Leo Mariani: Hey guys. A few questions around some of these numbers that you’ve thrown out here. So the first one is on this kind of $45 million sort of resource adequacy payment from the state. I guess you’re saying that’s kind of roughly doubling in 2024 versus 2023. I just wanted to make sure I sort of understood the mechanics around that. Is this basically the state been cutting you a check so far in 2023 for that amount? And that amount sort of doubles next year? Does this flow through your sort of electricity business margins or if you guys are selling the power, maybe you don’t really get the check there? I’m just trying to kind of understand if that’s kind of free money for being on standby or if you are producing, then maybe you don’t get all of that. Just kind of some help around the mechanics here would be great.
Francisco Leon: Great question. So as you know, the state of California has a big penetration of renewable energy and that doesn’t work 24/7. So you require baseload from different sources to make sure the lights are on in the state. So years ago, California entered into this resource adequacy program through the utilities that they pay independent power producers to be on standby. Let me turn it over to Jay Bys, if he has a few more thoughts around regulators adequacy and what it means.

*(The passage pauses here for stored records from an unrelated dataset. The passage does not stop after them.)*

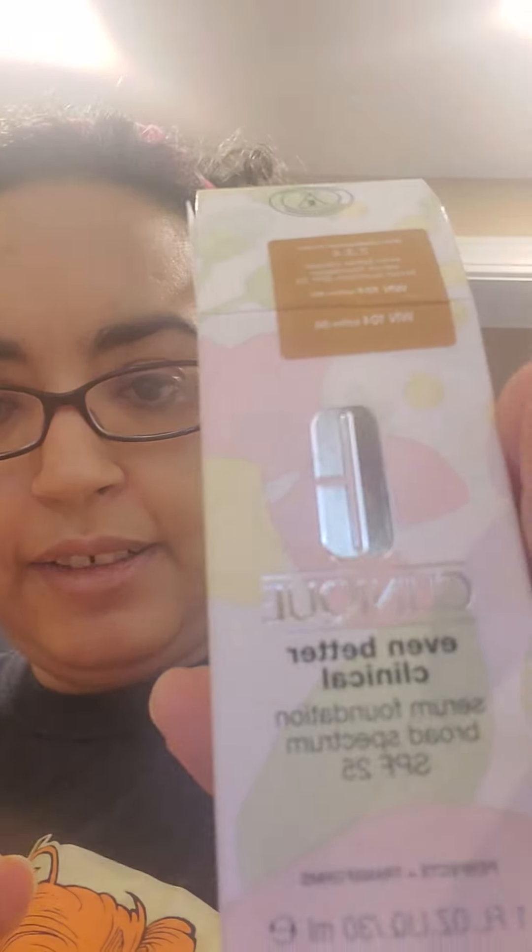That guy was from the actual Boxy Drop Shop. This here is the Even Better Clinical Broad Spectrum SPF 25 Foundation. Oh, he's very dark. Shade 104 Toffee, medium warm, warm neutral. He is wicked dark for me. We're going to have to wear him in the summer. He was on sale $10 off, so we tried him. But we might need to return him because he is wicked effing dark.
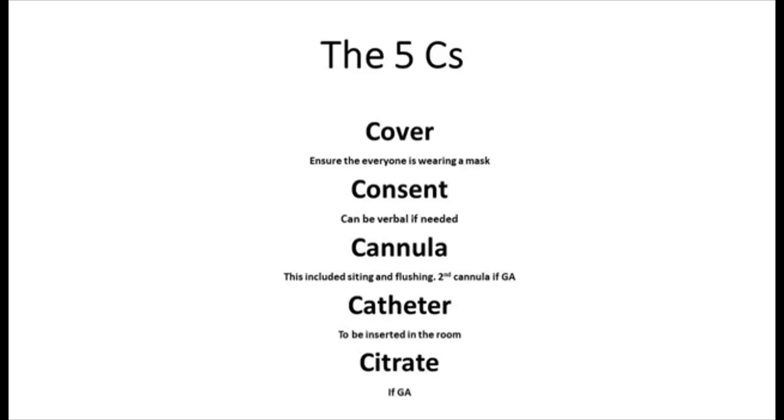The woman and everyone else in the room should already be wearing masks. The consent should be completed. A cannula should be sighted and any cannulas already in place should be flushed. If a GA section is likely, then a second cannula should be sighted and citrate should be given to the woman. We should also insert the catheter while the woman is still in the room to save time once she arrives into theatre.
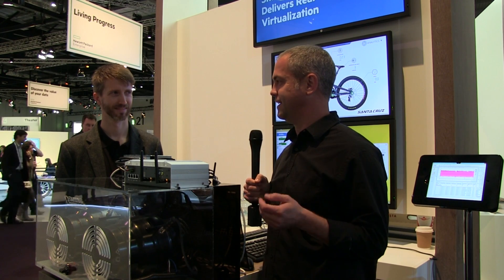Jake Ludington here at Discover 2015 in London, and I'm here with Ken Leach and we're in an IoT booth. What is it that HP is doing with IoT?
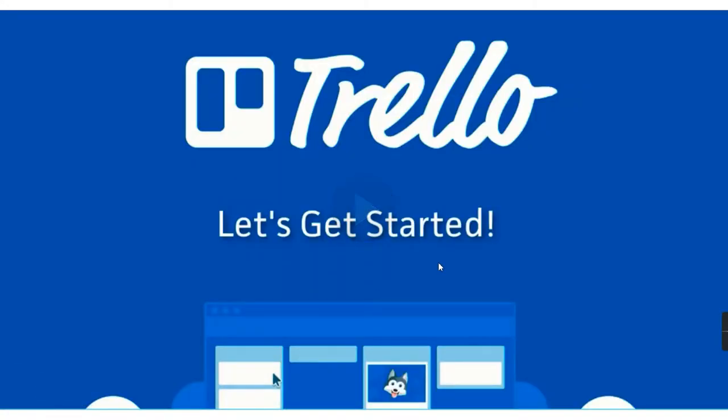Let's kick it off with number one, which is Trello. Trello is a project management board that does a lot more than just project management, depending how creative you are. I personally use Trello to manage my calendar, manage my to-do list, and also manage all my project management for clients.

Jay Bys: Yes, thanks. Just to be really clear, the state is not actually paying for capacity. Anybody serving load in the state in CAISO in particular is required to have capacity to back that load. So whether that’s a utility or an aggregator, they have to secure the capacity necessary to back up the load, which they’re serving. So they are, in fact, partly paying CRC to make this capacity available. Historically, there had been maybe more lax treatment and how much and to the extent by which certain parties would back up their supply using this marketplace. But CAISO has become very resolute that they want — they do want people to be backing up their load. So you’re seeing a price that’s reflective of the true market value of this capacity today. And the fact that we have an asset that’s readily available at all times is certainly attractive to the marketplace.
Francisco Leon: And Leo, just to add one more, just to clarify. So we have 550 megawatts at Elk Hills. We use about a third of that power for our own consumption in the oilfield and two third is available to sell to CAISO and into utilities. So this is a way to guarantee that supply to this resource adequacy program. And it’s another way to kind of showcase that you want to be long commodity and long power in the state that’s struggling to keep up otherwise.
Leo Mariani: Okay. Maybe I can just try to phrase this a little bit differently. If the plant pretty much runs at the same rate in 2024 as it does in 2023 and let’s say all other variables are the same such as power pricing, input costs, etcetera, are you getting an extra $45 million next year in the business?
Francisco Leon: Correct. That’s exactly what — and typically, that comes in the third quarter. That’s what we got just now the payment for 2023. These are contracted capacity that the team has already executed on. So it’s an incremental $45 million of cash. Correct.